>>>>>

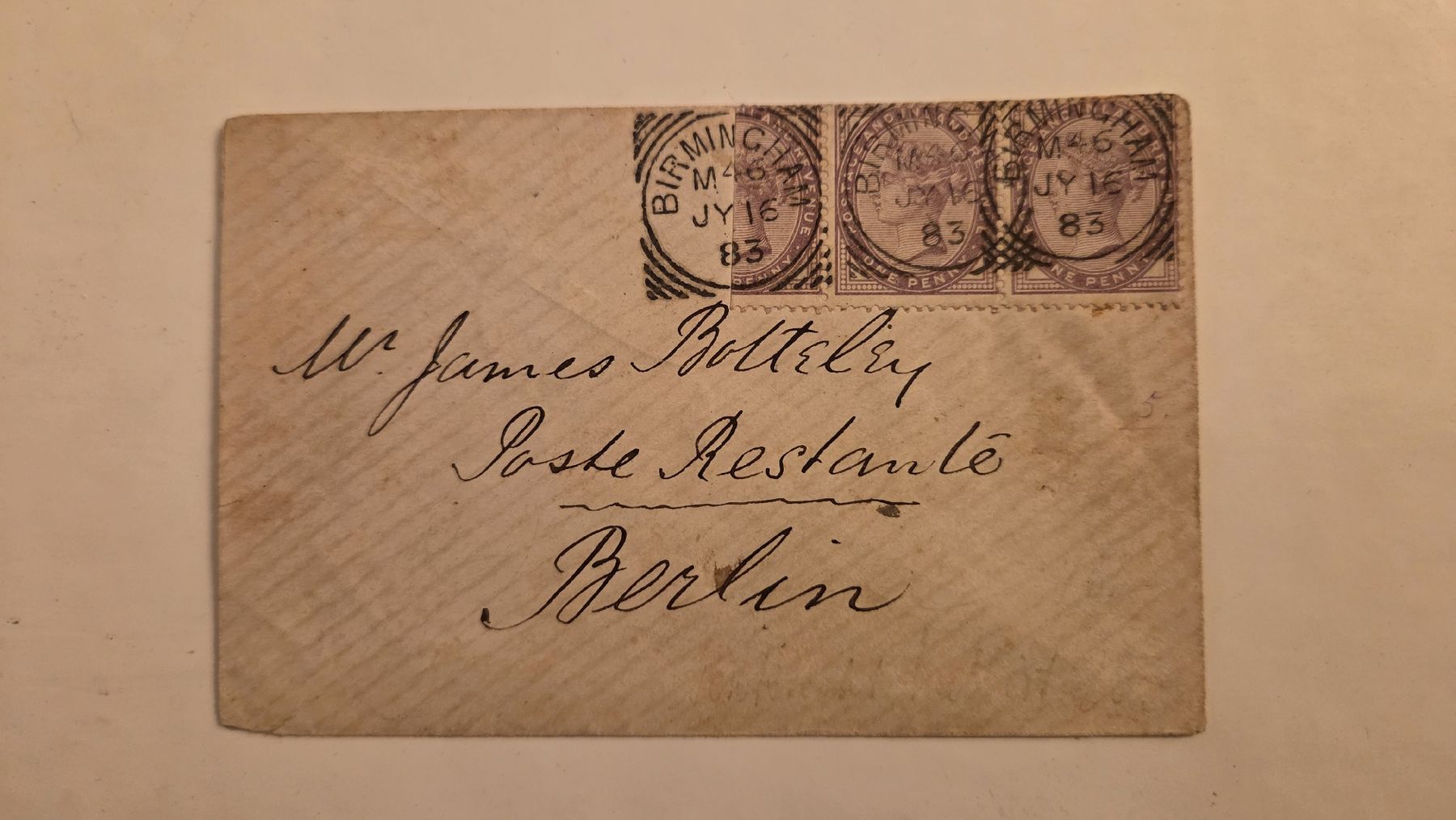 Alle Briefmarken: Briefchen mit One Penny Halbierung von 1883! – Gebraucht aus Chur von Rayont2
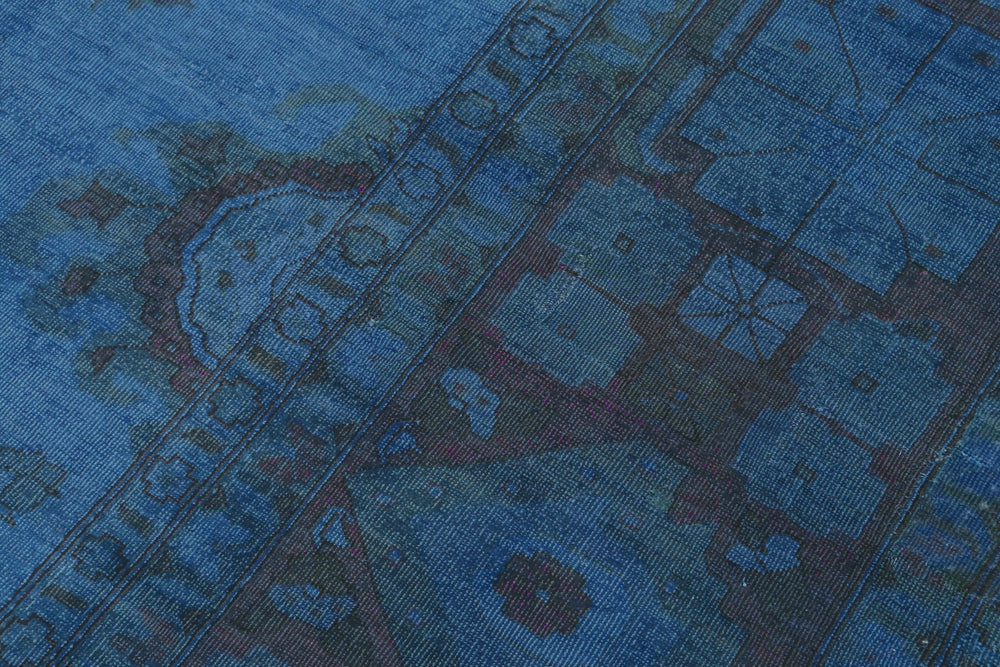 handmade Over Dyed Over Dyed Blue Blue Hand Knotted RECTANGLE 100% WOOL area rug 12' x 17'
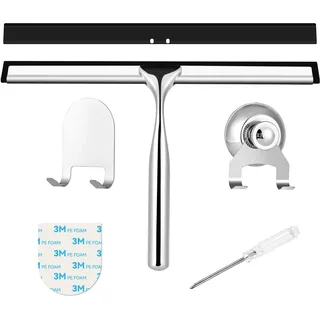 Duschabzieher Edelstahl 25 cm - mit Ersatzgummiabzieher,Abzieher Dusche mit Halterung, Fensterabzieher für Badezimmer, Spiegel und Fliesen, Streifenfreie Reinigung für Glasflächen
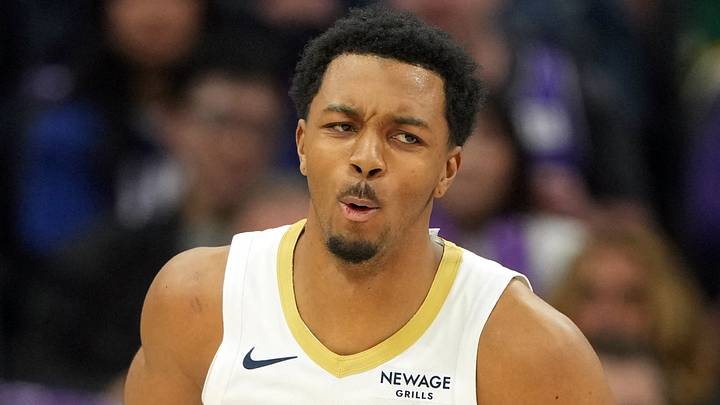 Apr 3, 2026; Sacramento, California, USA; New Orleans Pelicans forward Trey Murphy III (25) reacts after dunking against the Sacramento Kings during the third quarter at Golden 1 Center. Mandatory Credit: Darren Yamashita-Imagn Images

<<<<<

→ HOW TO COMPLETE THIS TASK
Please set down each line of the listing above word for word, skipping any pictures.

→ OUTPUT FOR THIS TASK
 Alle Briefmarken: Briefchen mit One Penny Halbierung von 1883! – Gebraucht aus Chur von Rayont2
 handmade Over Dyed Over Dyed Blue Blue Hand Knotted RECTANGLE 100% WOOL area rug 12' x 17'
 Duschabzieher Edelstahl 25 cm - mit Ersatzgummiabzieher,Abzieher Dusche mit Halterung, Fensterabzieher für Badezimmer, Spiegel und Fliesen, Streifenfreie Reinigung für Glasflächen
 Apr 3, 2026; Sacramento, California, USA; New Orleans Pelicans forward Trey Murphy III (25) reacts after dunking against the Sacramento Kings during the third quarter at Golden 1 Center. Mandatory Credit: Darren Yamashita-Imagn Images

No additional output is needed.